Protes Sistem Zonasi, Wali Murid di Surabaya Minta Jokowi Pecat Mendikbud

0

Pelita.online – Ratusan wali murid di Surabaya melakukan aksi protes Pelaksanaan Penerimaan Peserta Didik Baru (PPDB) sistem zonasi di depan kantor Dinas Pendidikan. Para wali murid ini sempat menutup akses Jalan Raya Jagir yang berada tepat di depan Kantor Dinas Pendidikan.

Penutupan ini berlangsung selama lima menit. Massa juga membawa sejumlah spanduk yang meminta Jokowi untuk memecat Menteri Pendidikan dan Kebudayaan Muhajir Effendy.

Penutupan jalan ini tak berlangsung lama karena berhasil dihalau petugas. Massa pun melanjutkan aksi protesnya di depan Kantor Dinas Pendidikan Surabaya. Massa juga terlihat lebih tenang saat ditemui Kepala Dinas Pendidikan M Ikhsan.

Massa pun sempat menyampaikan beberapa protesnya. Hal ini juga disambut Ikhsan dengan mengakomodir berbagai saran dan protes untuk disampaikan ke pusat.

“Saya yang menjadi jaminannya ke pusat, akan saya sampaikan langsung ke pusat,” kata Ikhsan kepada massa melalui pengeras suara di Kantor Dinas Pendidikan Surabaya, Kamis (20/6/2019).

Namun tak berselang lama, massa pun hampir ricuh. Dorong-dorongan tak terhindarkan hingga ada massa yang menarik-narik Ikhsan. Akhirnya, Ikhsan pun diamankan di dalam kantor.

Sementara itu, Wali murid dari SDN Barata Jaya Surabaya, Fitri Suhermin mengatakan mereka kecewa karena server yang telah ditutup Rabu (19/6) malam dibuka kembali pada Kamis pagi. Fitri berharap zonasi bisa dibatalkan.

“Ternyata ditutupnya server hanya untuk menenangkan kami. Kami ingin server ditutup dan PPDB zonasi dibatalkan,” kata Fitri.
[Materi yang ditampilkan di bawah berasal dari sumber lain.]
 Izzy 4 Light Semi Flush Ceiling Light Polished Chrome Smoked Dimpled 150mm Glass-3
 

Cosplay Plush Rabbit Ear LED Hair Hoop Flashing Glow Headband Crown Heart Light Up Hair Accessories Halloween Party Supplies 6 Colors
Fitri juga kecewa karena pada sistem yang membuat anaknya tidak bisa masuk ke SMPN 8 yang jaraknya hanya 700 meter dari rumahnya. Fitri dan massa yang lain mengancam akan tetap bertahan di Dispendik Surabaya dan tak akan pulang jika tuntutan mereka tak diakomodir.

“Yang diterima NUN lebih kecil tapi jaraknya emang lebih dekat,” ujarnya.
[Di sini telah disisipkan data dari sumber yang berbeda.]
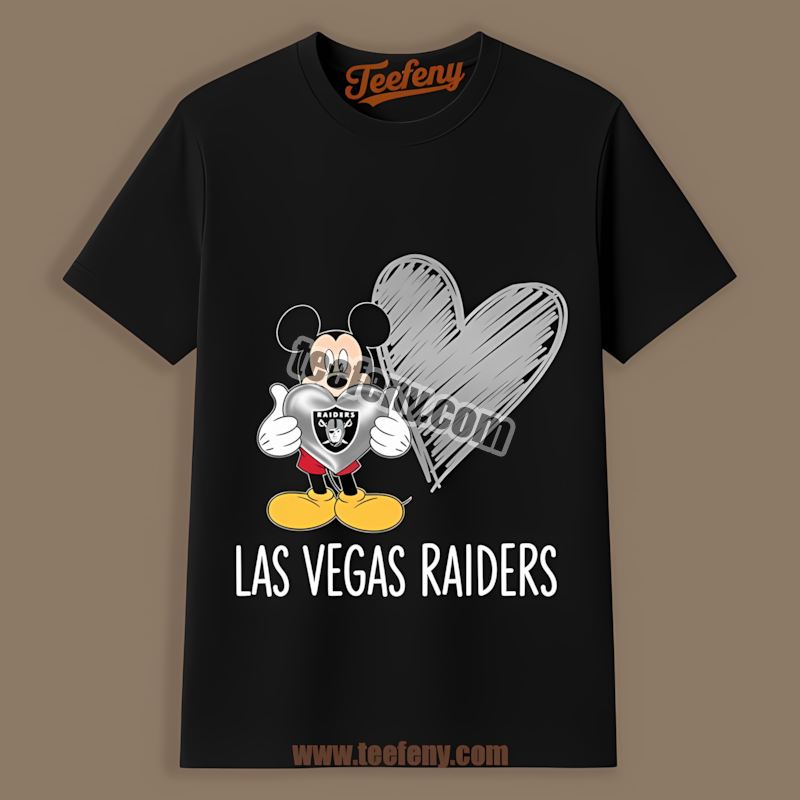 Mickey Heart Las Vegas Raiders Vintage Shirt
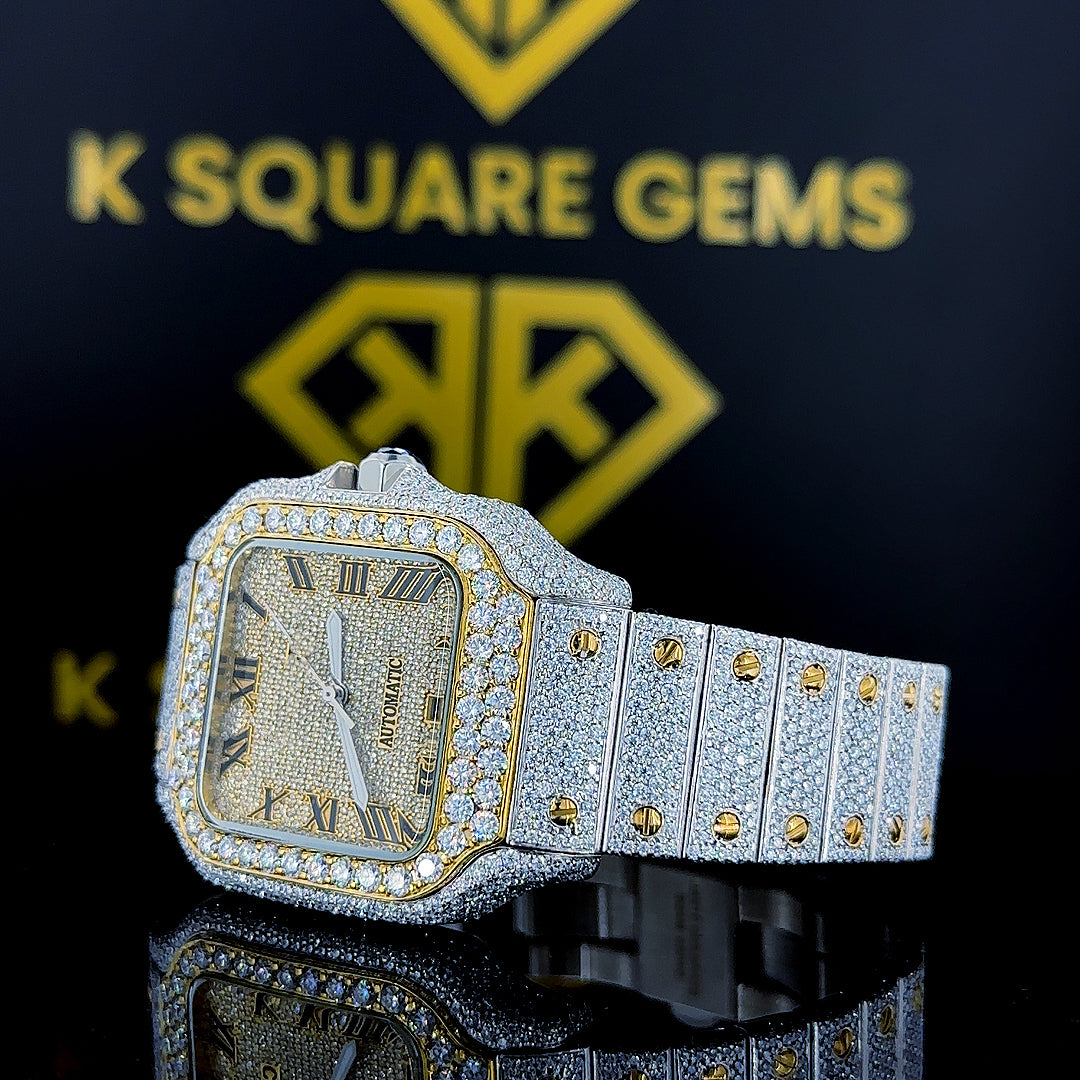 Close up dial and strap view of Two Tone Cartier Santos Moissanite Diamond Watch with Roman Numeral Dial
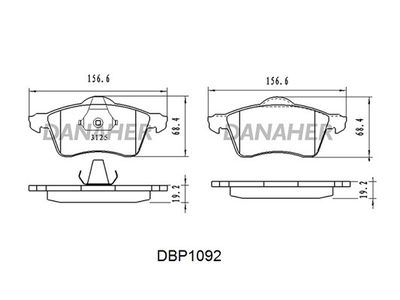 DBP1092 DANAHER Комплект тормозных колодок, дисковый тормоз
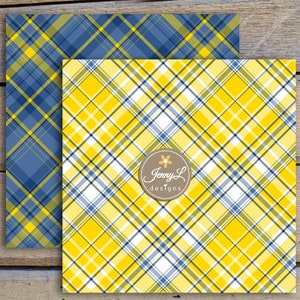 Yellow and Navy Blue Plaids Digital Papers, Tartan, Stripes Father's Day, Little Men, Boy, Guy, Masculine Digital Scrapbooking image 3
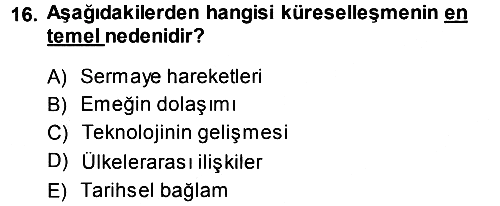 Turizm Sosyolojisi 2013-2014 Dönem Sonu Sınavı - 16. soru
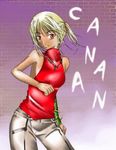  428 bad_id bad_pixiv_id canaan canaan_(character) jewelry ponytail sleeveless sleeveless_turtleneck solo turtleneck white_hair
Sementara itu salah satu siswa Tania Zalzabila Febrianti mengatakan dirinya mempunyai NUN 24 dengan rata-rata delapan. Namun tidak bisa masuk ke sekolah negeri terdekat.
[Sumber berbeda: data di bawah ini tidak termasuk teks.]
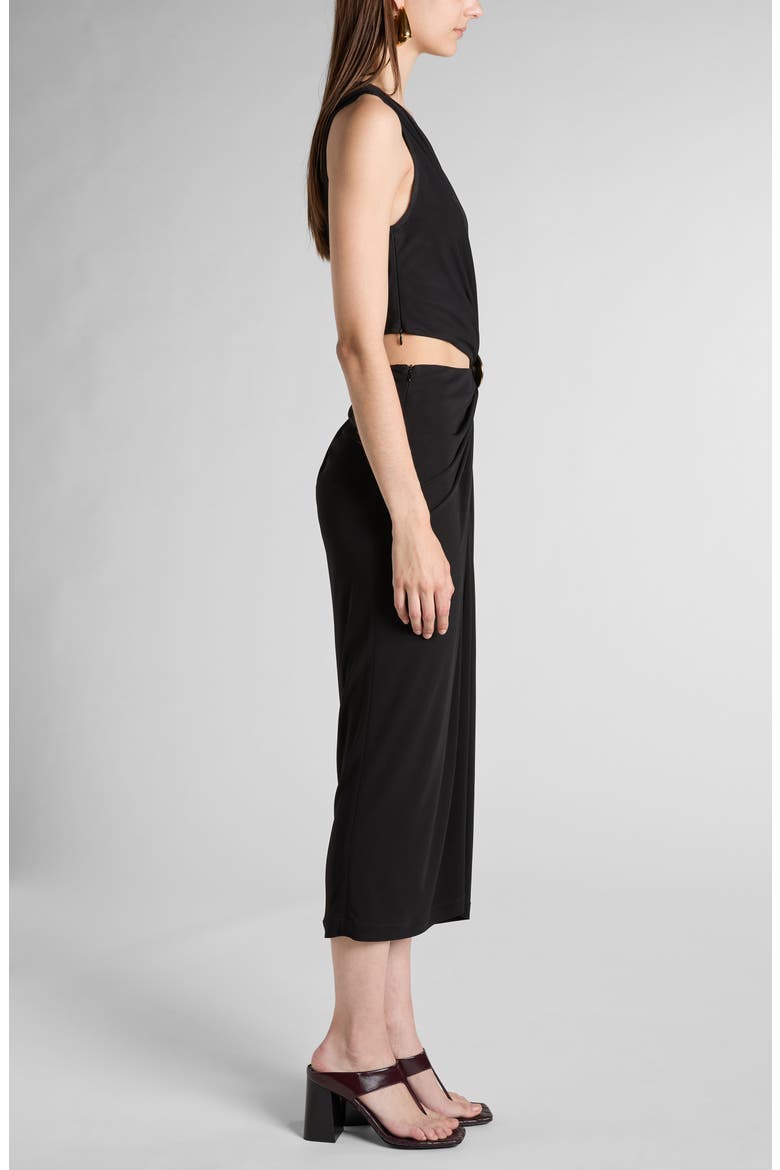One-Shoulder Cutout Waist Crepe Jersey Midi Dress, Alternate, color, 1000 BLACK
Dia menambahkan jika harus bersekolah di SMP swasta, keluarganya tidak akan mampu. Sebab ayahnya hanya seorang satpam dengan gaji yang sangat kecil.

“Saya mohon keadilannya. Saya ingin bersekolah. Saya tidak mampu jika harus bersekolah di SMPN swasta,” ujarnya.